Kerkgeschiedenis

Docent: ds. Carel van der Meij

Aantal lessen twintig: zes in jaar 1(A). zeven in jaar 2 (B) en zeven in jaar 3 (C)

Cursus 2025 -2026: jaar 3 (C)

Gedurende drie jaar komt de hele kerkgeschiedenis aan de orde vanaf de eerste gemeenten, waarin de volgelingen van Jezus samenkwamen om hun geloof in Jezus Christus en Zijn Koninkrijk te vieren, tot aan de wereldwijde kerk van vandaag, die in alle  veelkleurigheid en verscheidenheid haar geloof uitdraagt.  De geschiedenis van de kerk wordt besproken in zijn verwevenheid met  de algemene, politieke, sociale en culturele geschiedenis. Het is bepaald geen heilige geschiedenis. Niets (klein) menselijks is de kerk vreemd. Elk jaar wordt een bepaald tijdvak behandeld.

In jaar 1 (A) komen in vogelvlucht de eerste 15 eeuwen aan de orde: de ontwikkeling van de kerk als beweging in de marge tot een machtig instituut – Augustinus als vader van de Westerse Theologie – Het monnikenwezen  als protest tegen een verwereldlijkte kerk (Benedictus en Franciscus) – de verhouding tussen kerk en jodendom en tenslotte: de vorming van de kerk in de Nederlanden.

In jaar(B) bespreken we de 16de en 17de eeuw, kerkelijk de periode van de protestantse én de katholieke reformatie. Er is aandacht voor Luther, Zwingli en Calvijn, voor de doperse traditie en voor het rooms-katholieke concilie van Trente. Ook de verwikkelingen in de Nederlanden binnen de protestantse kerk en de gedoogcultuur t.o.v rooms-katholieken en anderen komen aan de orde.

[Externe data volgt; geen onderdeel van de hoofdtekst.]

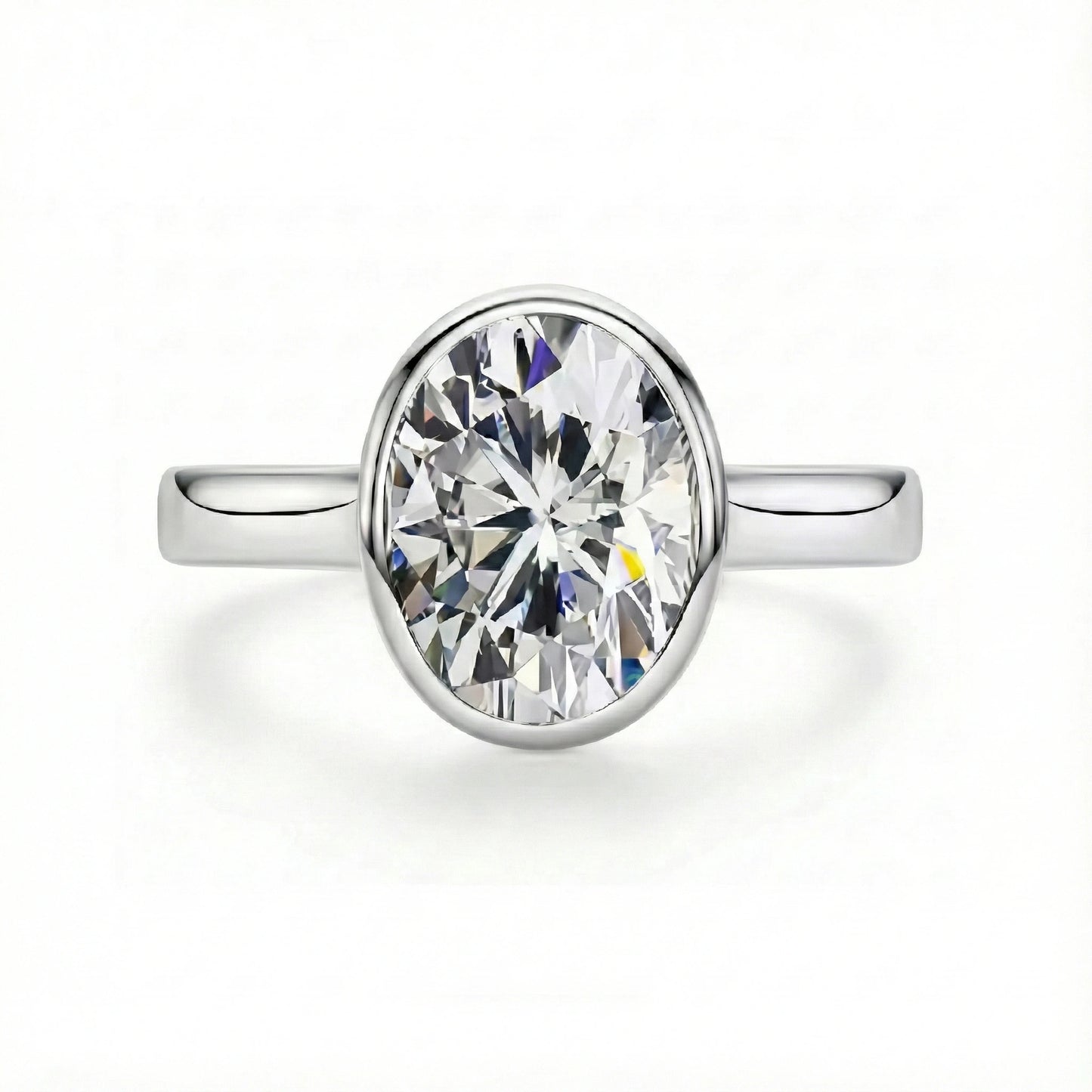 Oval Cut 3 Carat  Moissanite Bezel Solitaire Ring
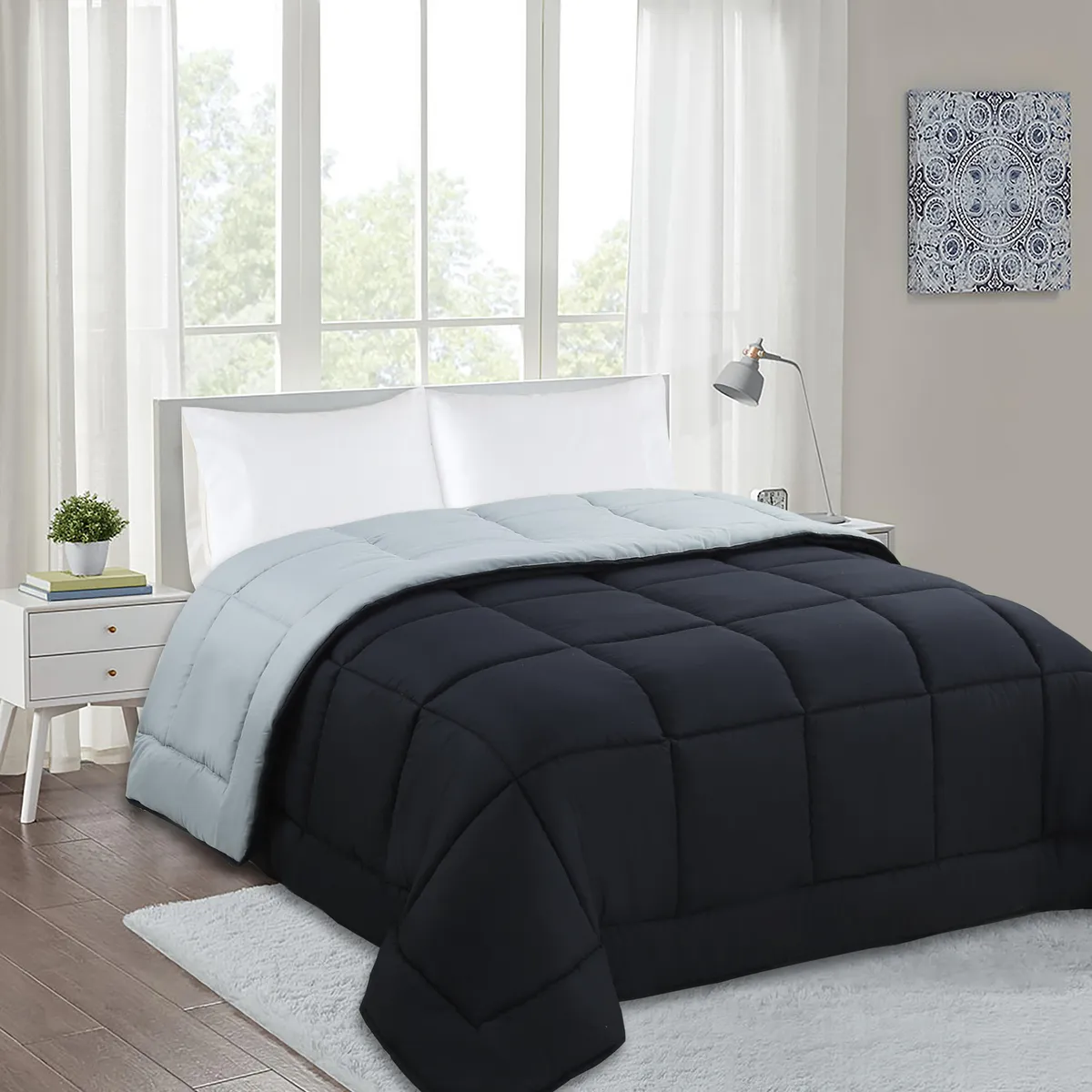 Just Home Collection - Edredón Individual Reversible Solid Negro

In jaar (C)  gaat het over de periode vanaf circa 1700 tot op vandaag. Na de Verlichting in Europa worden de kerkscheuringen in protestants Nederland en de opbouw van rooms-katholiek Nederland besproken . Aandacht wordt gegeven aan de houding van kerken tegenover de sociale kwestie en tegenover het fascisme in de 20ste eeuw. In zending en oecumene komt de wereldwijde ontwikkeling van het christendom aan de orde. Tenslotte bespreken we de situatie van de  kerk vandaag.